Start of Data shown

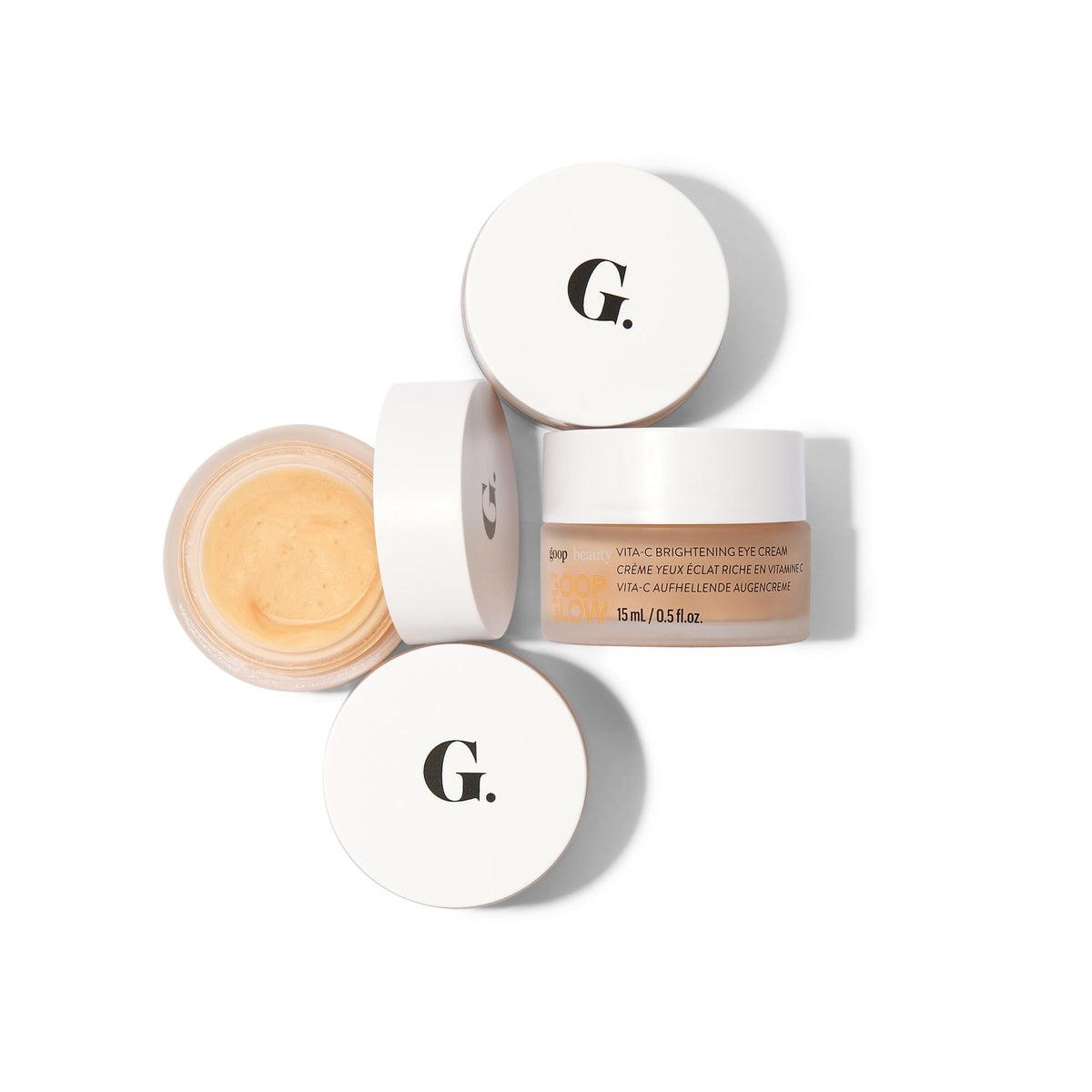 Vita C Brightening Eye Cream for Dark Circles & Puffiness – Vitamin C Under Eye Treatment for Wrinkles & Fine Lines – Hydrating & Anti-Aging Eye Care for Day & Night Use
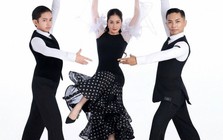 Khánh Thi - Phan Hiển tung bộ ảnh gia đình khiêu vũ: Bé Kubi đỉnh cao thần thái "con nhà nòi"!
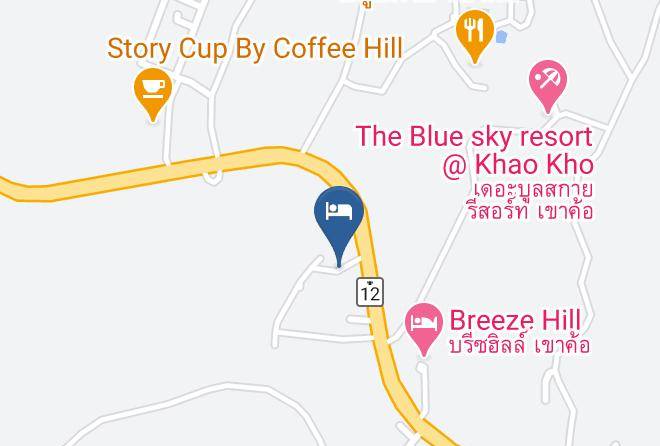 Amphoe Khao Kho - Bhuloolum Resort Maps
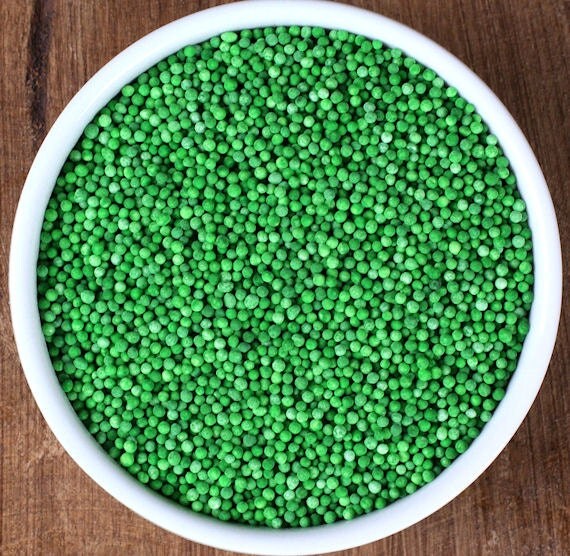 Grass Green Nonpareil Sprinkles Grass Green Sprinkles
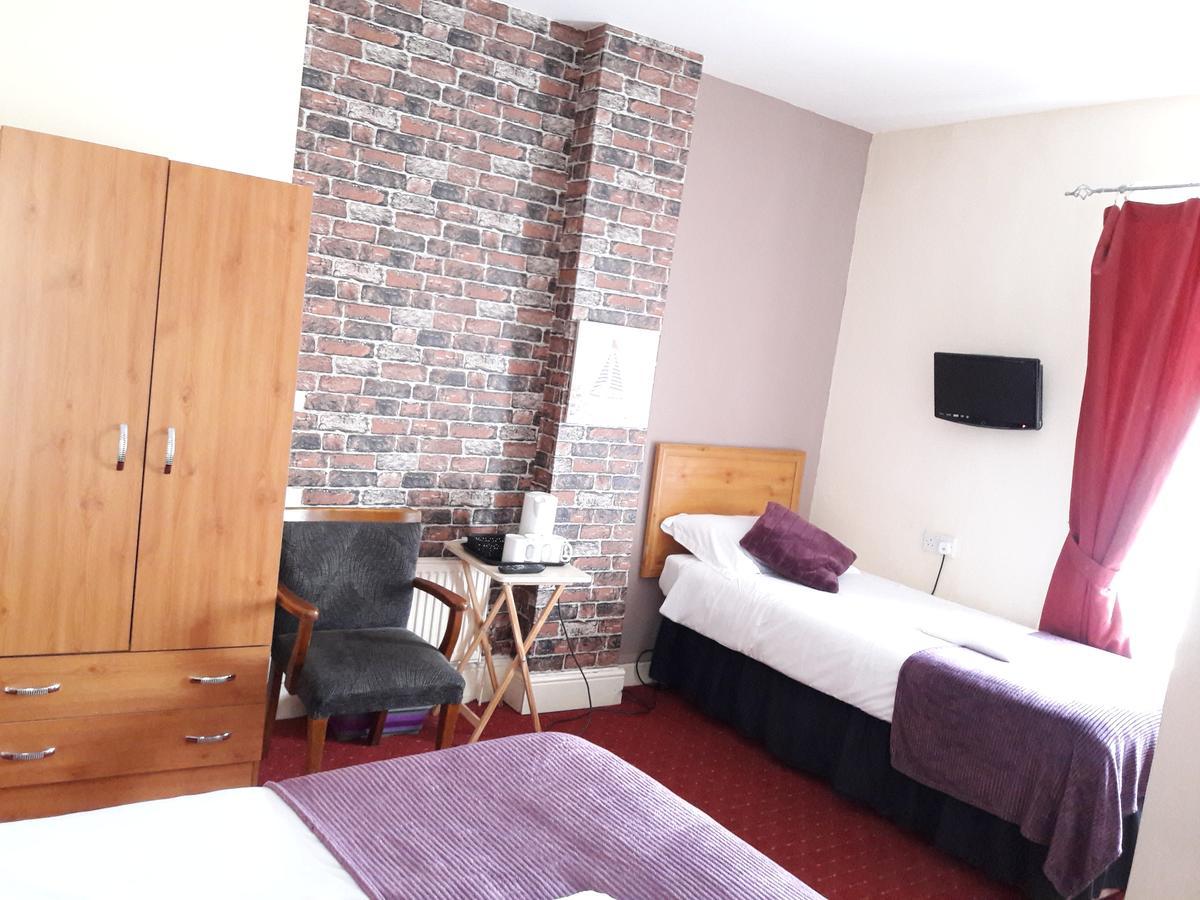 ブラックプール Ringbane House Bed & Breakfast エクステリア 写真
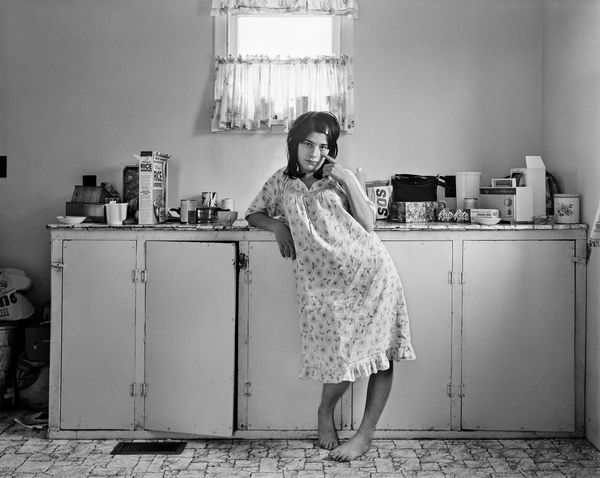 Melinda Blauvelt, Breakfast, Brantville, NB, 1973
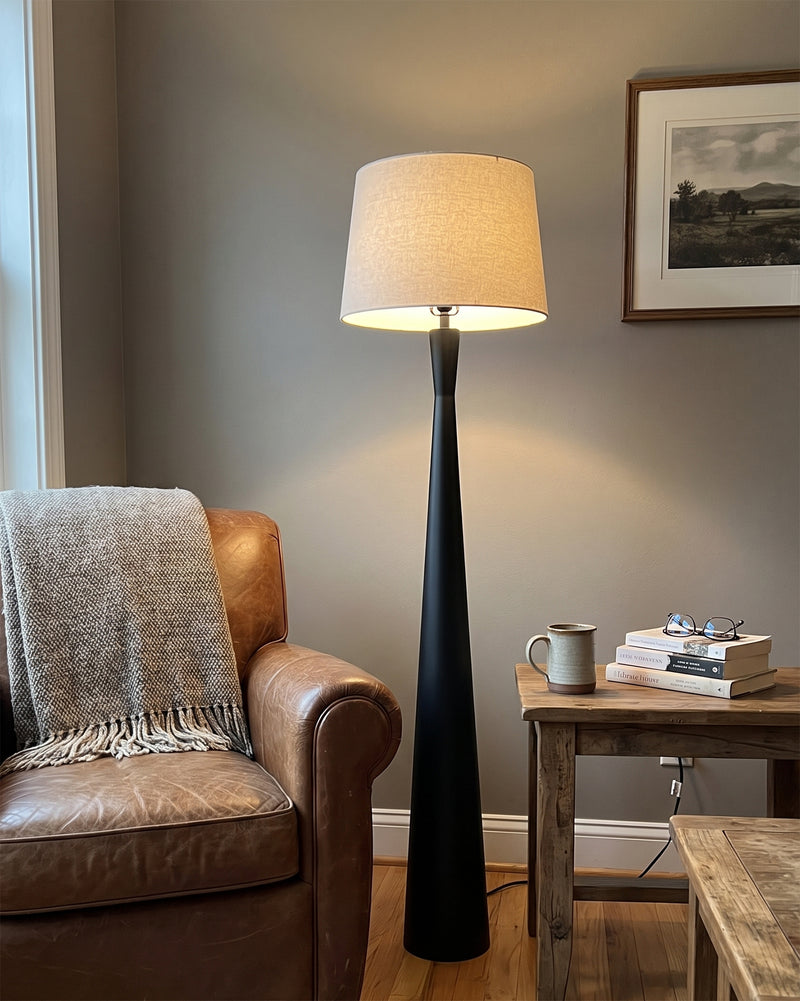 Montenegro Black Floor Lamp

End of Data shown

Problem to solve: Reproduce every line above word for word; no images.

Exercise result:
 Vita C Brightening Eye Cream for Dark Circles & Puffiness – Vitamin C Under Eye Treatment for Wrinkles & Fine Lines – Hydrating & Anti-Aging Eye Care for Day & Night Use
 Khánh Thi - Phan Hiển tung bộ ảnh gia đình khiêu vũ: Bé Kubi đỉnh cao thần thái "con nhà nòi"!
 Amphoe Khao Kho - Bhuloolum Resort Maps
 Grass Green Nonpareil Sprinkles Grass Green Sprinkles
 ブラックプール Ringbane House Bed & Breakfast エクステリア 写真
 Melinda Blauvelt, Breakfast, Brantville, NB, 1973
 Montenegro Black Floor Lamp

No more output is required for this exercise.